The briefing came after the WHO Emergency Committee spent a second day discussing the topic, but the committee concluded that it is still too early to declare a public health emergency of international concern, given the restrictive and binary nature of the outbreak.

As it had been on Wednesday, the committee remained divided over the decision to determine the status of the outbreak.

"I am not declaring a public health emergency of international concern today," said WHO Director General Tedros Adhanom Ghebreyesus.

"Make no mistake.  This is an emergency in China, but it has not yet become a global health emergency. WHO's risk assessment is that the outbreak is a very high risk in China, and a high risk regionally and globally."

The WHO said it would continue to review and support efforts to investigate the animal source of the new coronavirus outbreak, the extent of person-to-person transmission, and the screening efforts in other provinces of China.
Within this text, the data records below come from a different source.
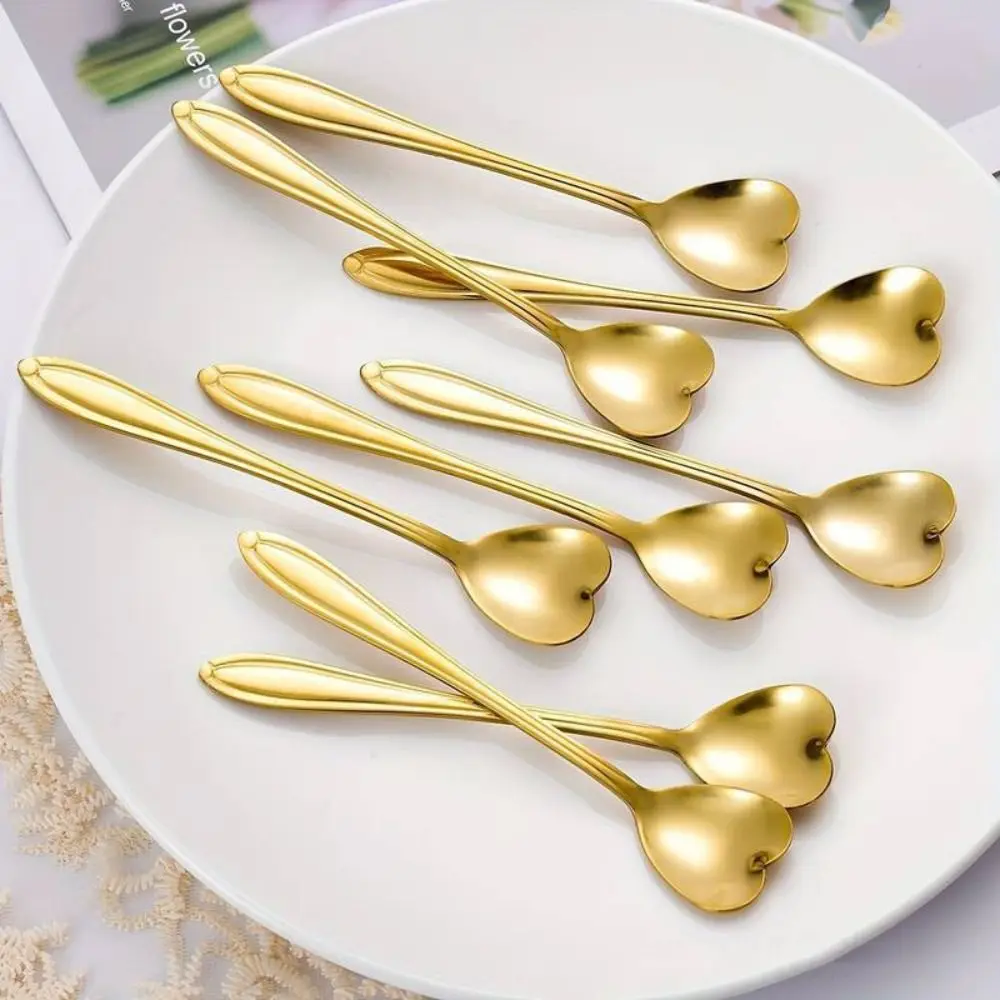 Stainless Steel Heart-Shaped Coffee Spoon Tea Spoon Two sizes Dessert Spoon Durable Mixing Utensils Home Kitchen Dining Room
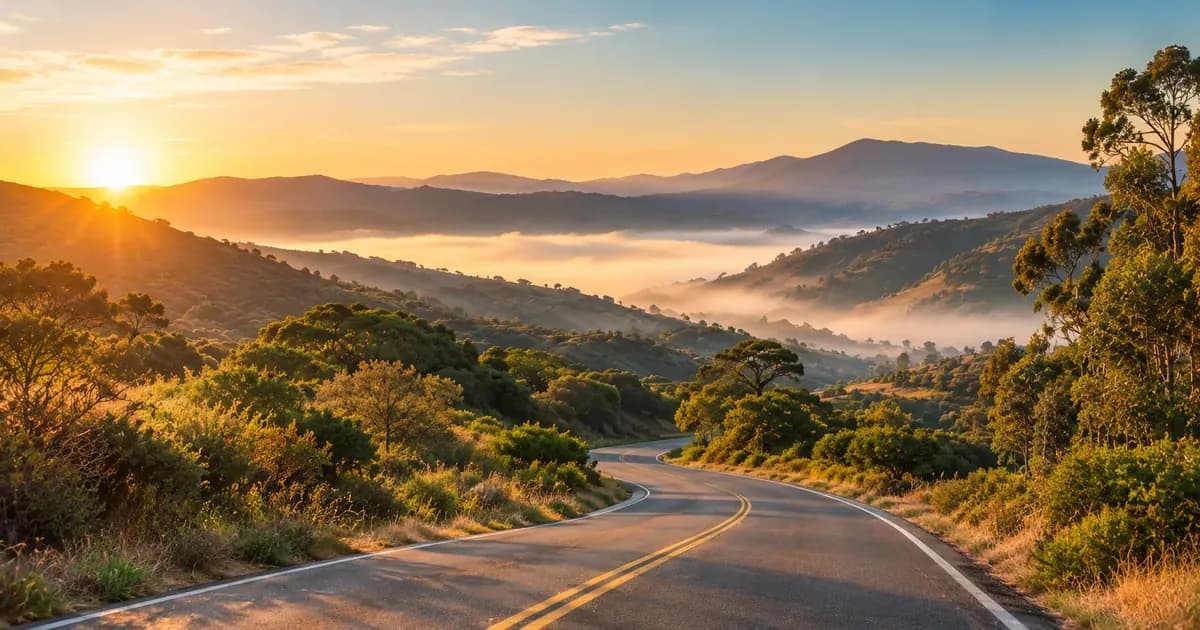 Sunrise over the North San Diego County hills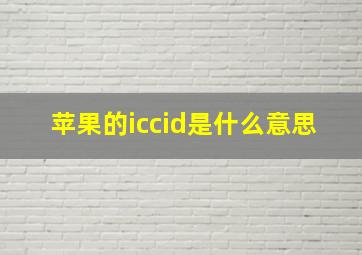 苹果的iccid是什么意思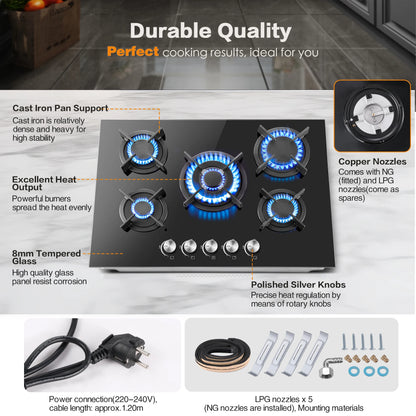 5 Burners 70 cm Glass with Automatic Flame Protection, Natural Gas Propane Gas, Built-in Gas Hob.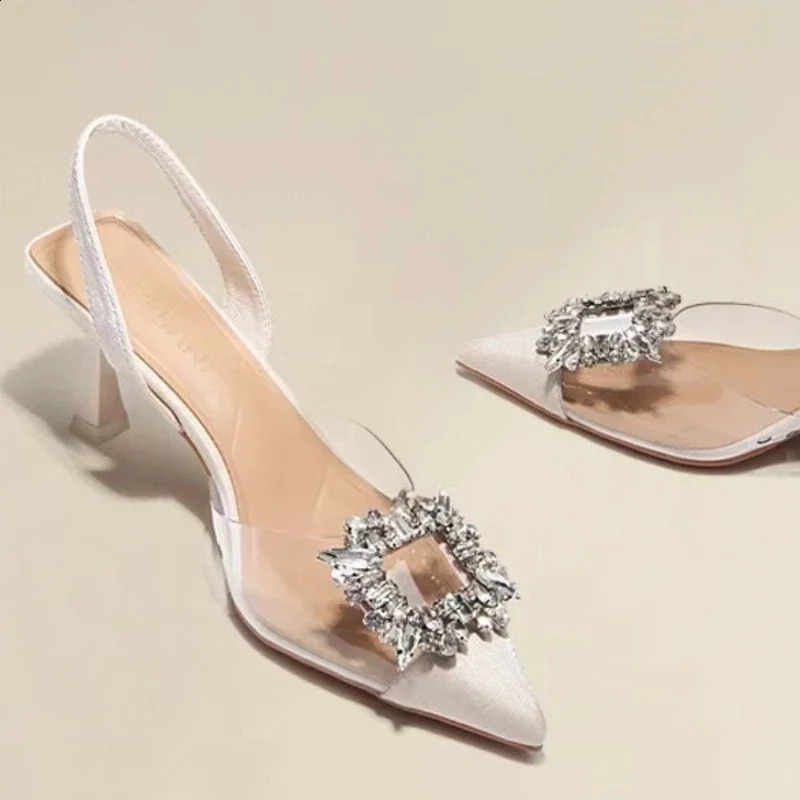 Fashion printemps et automne Banquet sexy confortable Crystal Couleur solide transparente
According to the committee, the new virus, which is now named 2019-nCoV, can cause severe disease, and can kill, although for most people, it causes milder symptoms.  It is understood that among those infected, one-quarter of patients have experienced severe disease.  Most of those who have died had underlying health conditions such as hypertension, diabetes or cardiovascular disease that had weakened their immune systems.

There is human-to-human transmission in China, but for now it appears limited to family groups and health workers caring for infected patients, WHO officials said. There is no evidence of human-to-human transmission outside China, but that might happen.

As of yet, there is little information regarding the original source of this virus, its clinical features, its severity and how easily it spreads.

For the moment, the WHO does not recommend any broader restrictions on travel or trade but advises exit screening at airports as part of a comprehensive set of containment measures.